Pero que es cuando me acerco con disimulo a rezar en la tumba de mi abuela Rosa, y a ponerle las flores más hermosas que
encuentre por aquel camino y altozano. Que casi siempre son los
capullos más silvestres, y de colores estallantes, tanto que parecen
carmines por lo intenso, aunque de diversos matices.
Y la consuelo en su aflicción, porque la imagino triste, ella que era dueña de este mundo.
Y
cuando regreso me despido de mi pueblo llorando por dentro, tal como
sollocé en esa sala lóbrega y fría cuando mi hermana Rosita nació y que
también he contado en otro texto.
6. ¿Qué hubiera
sido de mí?
Ahora,
mi hermana Rosita es como una segunda madre para mí.
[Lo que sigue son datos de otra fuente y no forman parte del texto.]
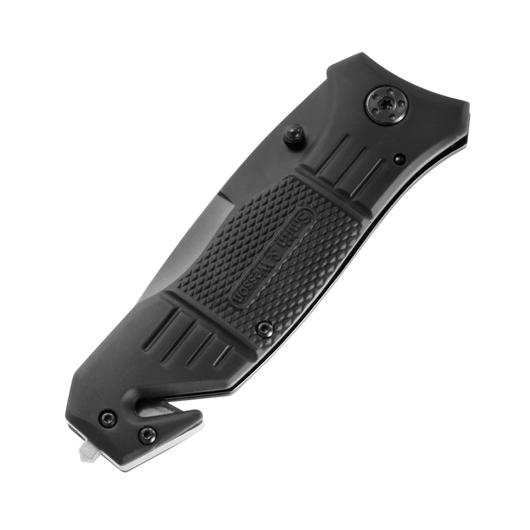 Smith & Wesson Extreme OPS Einhand-Rettungsmesser mit Tantoklinge Bild 4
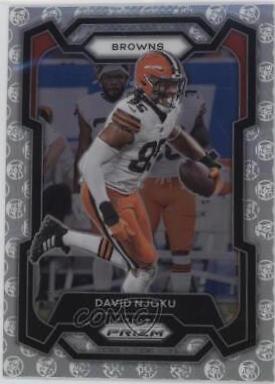 David Njoku [White Knight] #70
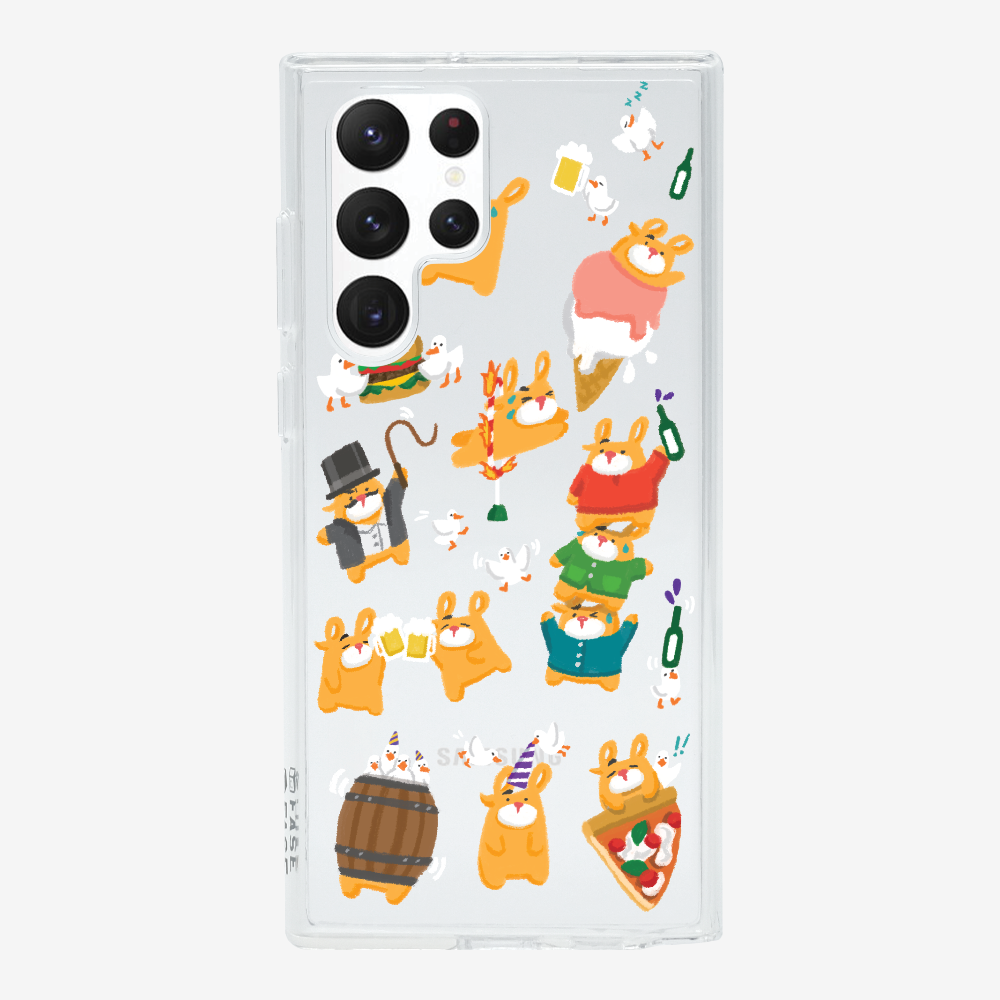 Crazy Party Phone Case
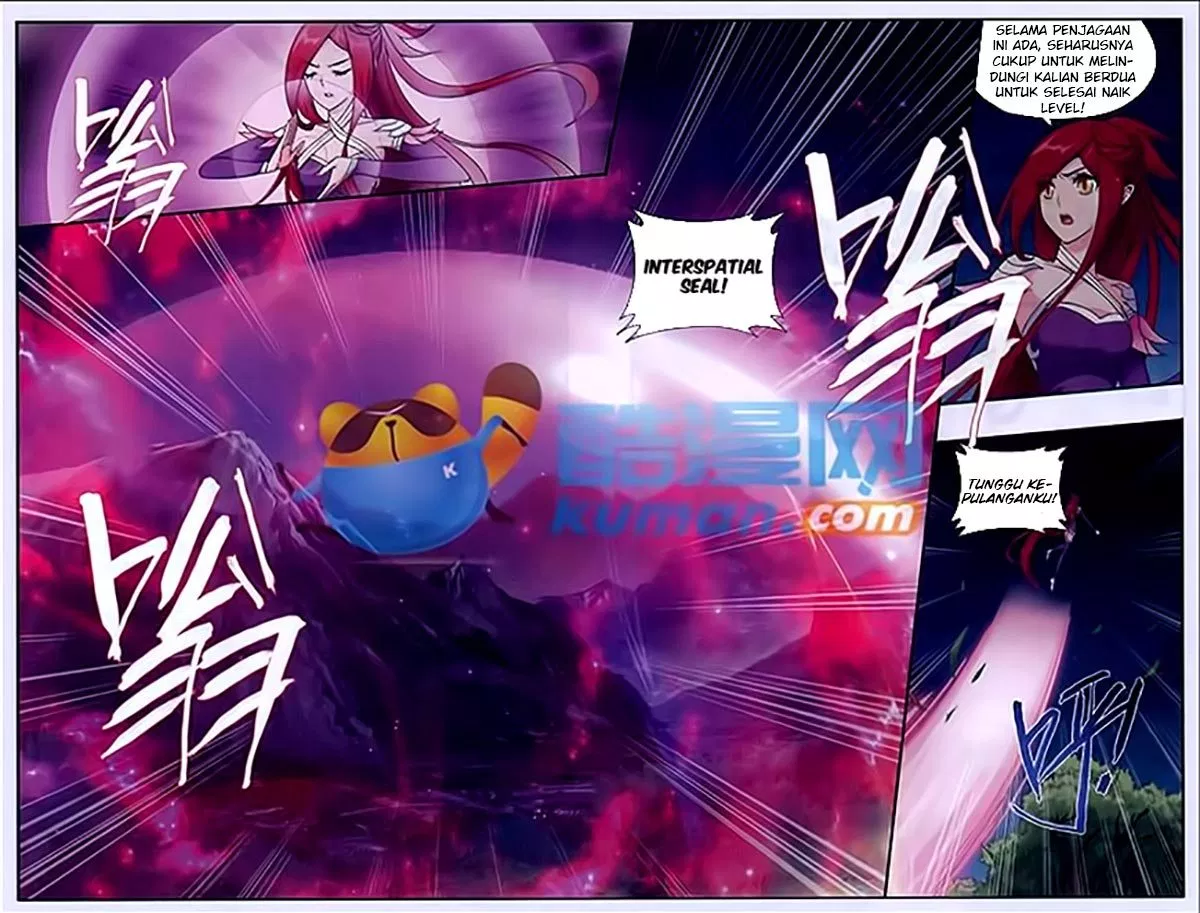 Battle Through the Heavens Chap 173 - Next Chap 174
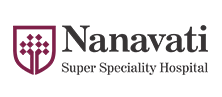 Логотип больницы Нанавати в Индии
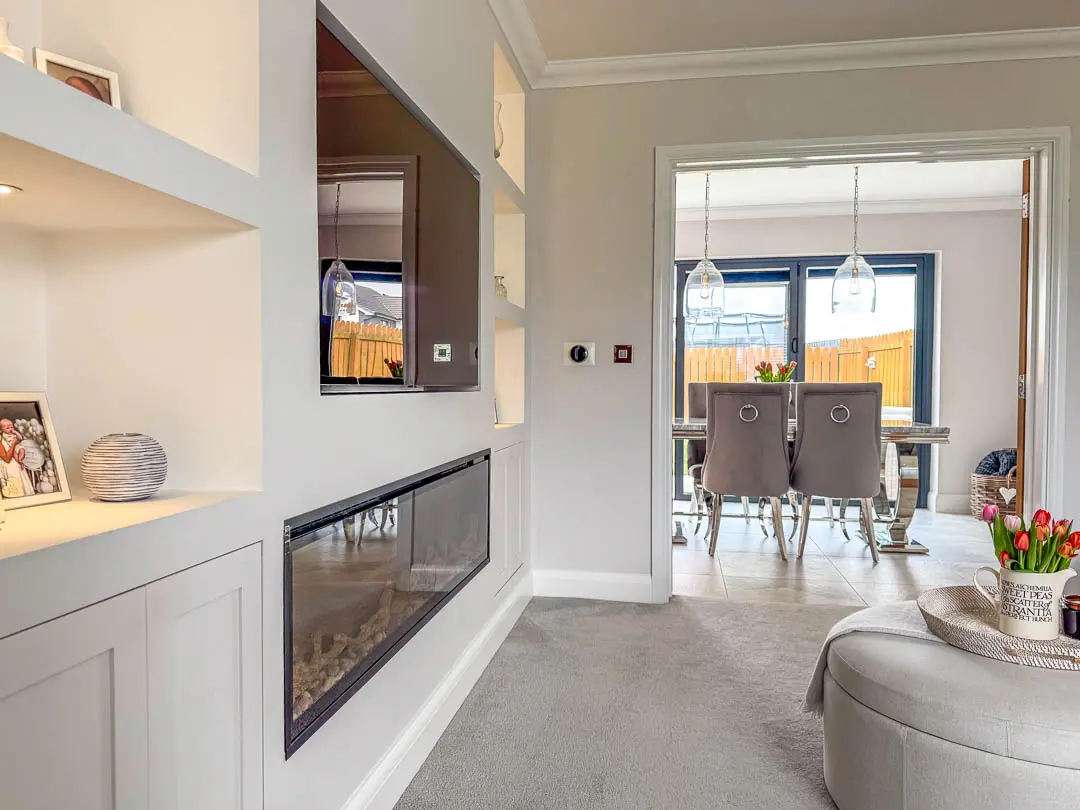 1 Meayll Drive, Ballakilley, Port St Mary. - Photo 5 of 36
Así, en el último
Capulí vino desde Estados Unidos en donde reside, y nos dio alcance en
Trujillo, justo en el momento en que nos embarcábamos para Guadalupe.
Y
fue con nosotros, pese a que había allí la amenaza del dengue, estando
atenta para que yo me untara con el repelente a fin de espantar a
mosquitos y zancudos.
Fue
gracias a ella que recuperé en Angasmarca mi cartera que había
extraviado y que yo di por perdida, siendo que la había olvidado en el
asiento del ómnibus en el cual viajamos. Yo pregunté en la agencia y no
me dieron razón de ella. El chofer al hacer la limpieza la había
recogido y la tenía en un lugar visible. Mi hermana esperó el regreso
del vehículo, preguntó y la devolvieron intacta.
En esa cartera tenía mis documentos personales y dinero. ¿Qué hubiera sido de mí sin ella? Y así en muchas situaciones siempre está atenta y me salva la vida.
7. Se hundió
en su pecho
Hoy
día es su cumpleaños y voy a contar algo que ella no sabe ni lo
recuerda porque es un hecho mínimo, aunque para mí muy significativo.
Además, porque era muy chiquita cuando ocurrió, quizá apenas de cuatro o
cinco añitos.
El
hecho es que nuestro padre, que para mí fue un hombre sabio y ejemplar,
jamás nos compró regalos ni para Navidad ni para nuestros cumpleaños.
Era sobrio, austero y en todo esencial. Pero la única vez que llegó con
algo que ostentó como un presente, fue un día como hoy, 3 de julio,
viniendo directamente de su escuela a nuestra casa, para almorzar todos
juntos. Lo vimos entrar jubiloso y sonriente. Y dijo, pleno de orgullo,
candoroso y exultante:
– ¡Te traje un regalo, hija mía, por el día de tu cumpleaños!
¿Qué
era? ¡Una naranja!, que puso en el centro de la mesa antes de tomar
asiento enternecido. Ahora bien, fruta es lo que nunca faltaba en
nuestra casa. Pero esta naranja que extrajo y puso en el centro de la
mesa nos pareció espléndida, luminosa y estallante; la combinación del
amarillo y el rojo y, sobre todo, la figura amable, servicial y de
ofrenda, como tiene toda naranja. Hecho que nos conmovió a todos. Corrió
mi hermana a sus brazos, se hundió en su pecho y se echó a llorar.